You might imagine the frigid waters off Antarctica to be barren. But as this BBC video shows, there’s a shocking amount of life in McMurdo Sound. Death, it seems, has spurred the bustle of life captured on film. Nine-foot-long carnivorous worms slither through an undulating carpet of red sea stars, all moving across the sea floor toward a sudden meal: a dead seal pup.
The seal’s death will sustain the creatures for an entire summer, with the scavengers slowly picking it clean until only a skeleton remains.
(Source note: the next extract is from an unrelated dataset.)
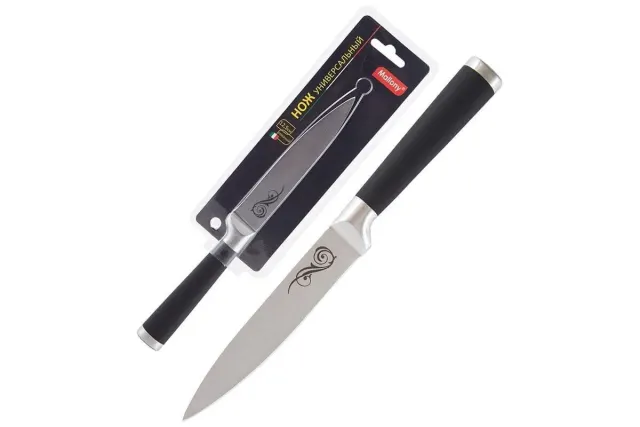 Нож Mallony MAL-05RS (985365)
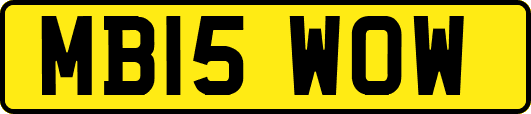MB15WOW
Interested in finding out more about these life-after-death interactions? In “Fall Guys” (Nov-Dec 2009), Amanda Leigh Mascarelli delves into “whale falls”—when whales die and sink thousands of feet to the ocean floor, their enormous carcasses give life to mysterious worlds inhabited by an assortment of bizarre creatures.
When a whale dies, the scavengers, including squat lobsters, sleeper sharks, and crabs, rip apart the flesh in a feeding frenzy that can last a decade—the “horror movie stage,” as marine biologist Adrian Glover, of London’s Natural History Museum, puts it. As bits of soft tissue rain down, bringing a pulse of nutrients, a motley entourage of opportunistic worms, mollusks, and crustaceans move in. Once the whale is stripped bare, a dense community of anaerobic bacteria dines among the decaying bones. Finally, the carcass acts as a sort of reef, providing habitat for filter feeders and worms such as Osedax, which excavate the lipid-laden bones. Fish, octopuses, and crabs move in to munch on the degraded whalebones, consuming worms and mussels along the way. |
Now that's life after death.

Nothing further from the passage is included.